Ian Reynolds (left) meets Mavis and Jack Lee

I‘LL OWN UP NOW, lest there be any doubt. I’m a big fan of Jack and Mavis. Without these two, I - for one- would never have had the chance to experience the music I came to love. And if that sounds like sugar-coated award ceremony ‘speak’, tough. It’s true.

If there was any justice in the world, J&M would live in some mansion - preferably within hobbling distance of Nashville - and tonight’s interview would be with some style icon from ‘Hello’ magazine and not this scruffy, unshaven oik from NWBN. But there ain’t no justice in the world, so there I was in their cosy end terrace on the edge of Heywood.

“The Way We Were!” 1955

Jack’s 72 now, and due to have a hip replacement operation in April. But it’s he who shambles to the door to let me in, roaring with laughter. He’s the picture of health, despite everything. With his huge, snow white beard and his jolly, musical laugh; he’s the Father Christmas from central casting. Mavis is a bundle of energy, as ever. She’s already had a hip replacement, but she teaches line dancing twice a week, so there’s hope for Jack. I’ve known these two for over 20 years and I’ve never seen them apart.

Jack and Mavis have bounced through life like a pinball. Hardly anything they’ve done was planned; things just seemed to happen to them. No wonder, when they formed a group with daughter Anita and banjo player Bob, they called it ‘Hap-Hazard’.
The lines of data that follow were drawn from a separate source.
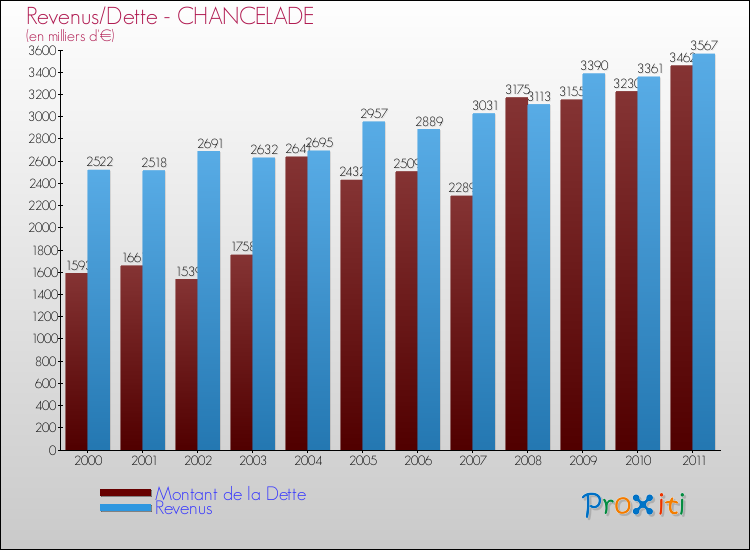 Evolution comparée de la dette et des revenus pour la commune de CHANCELADE de 2000 à 2011 Comparaison de la dette et des revenus pour CHANCELADE de 2000 à 2011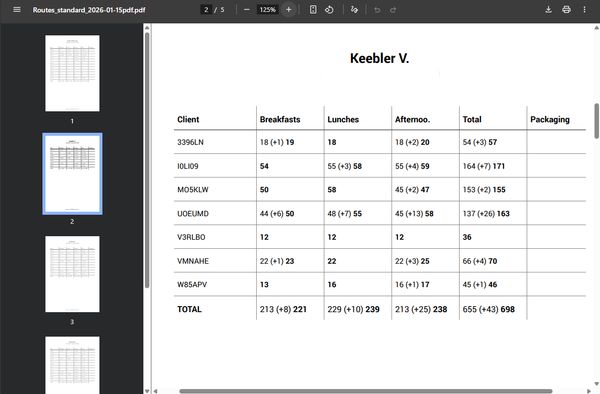 Packing list for drivers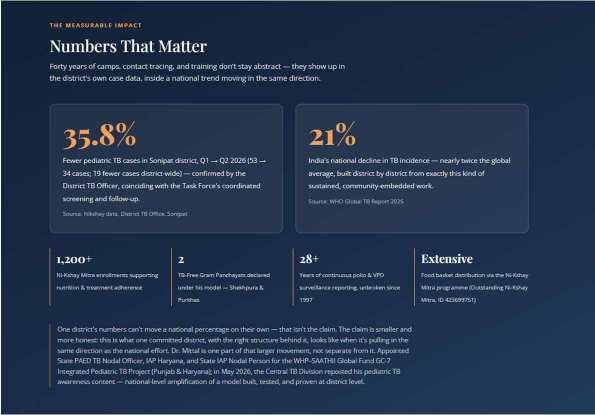 District pediatric TB case-reduction data graphic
Jack was a late starter as a musician.”My brother had a guitar, but he couldn’t do it. After he died, I sort of inherited it. I also inherited the cub pack he’d been running.” There’s barely a trace of whistfulness in his eyes at the memory of this distant sadness, but Jack ends his little pause for thought with a gag, as usual. “That guitar were’t first o’ many” he smiles. “Ee...” he remembers, “... and they were all crap!” He cracks up with laughter.” Any’ow, one of the boys said that his dad could play. I said: ‘Fetch him next week’. He was an ex-scout, so he came along and taught me all three chords! So I started a hill-billy group to play at scout do's. This was the early 50’s. It was Hank Williams stuff then. Then skiffle happened, and we were ready for it! We had a box bass and a rubbing board and we called ourselves ‘The Corncrackers’.”
Jack was 27.

And a great deal of fun was had by all. More proficient (and aware of a certain earning potential), Jack played rhythm guitar for a harmonica outfit called ‘Melharmonics’. It was in the bands’ breaks that Mavis and Jack first sang their songs. “Carter Family” says Mavis. “Dixie Darlin’, Hello Stranger, stuff like that. No-one had heard them then.” Jack - a fitter by trade - was working at A.V.Roe’s, and a mate volunteered to take the couple to The York Club in Manchester’s Bootle Street - the North’s first Country Club.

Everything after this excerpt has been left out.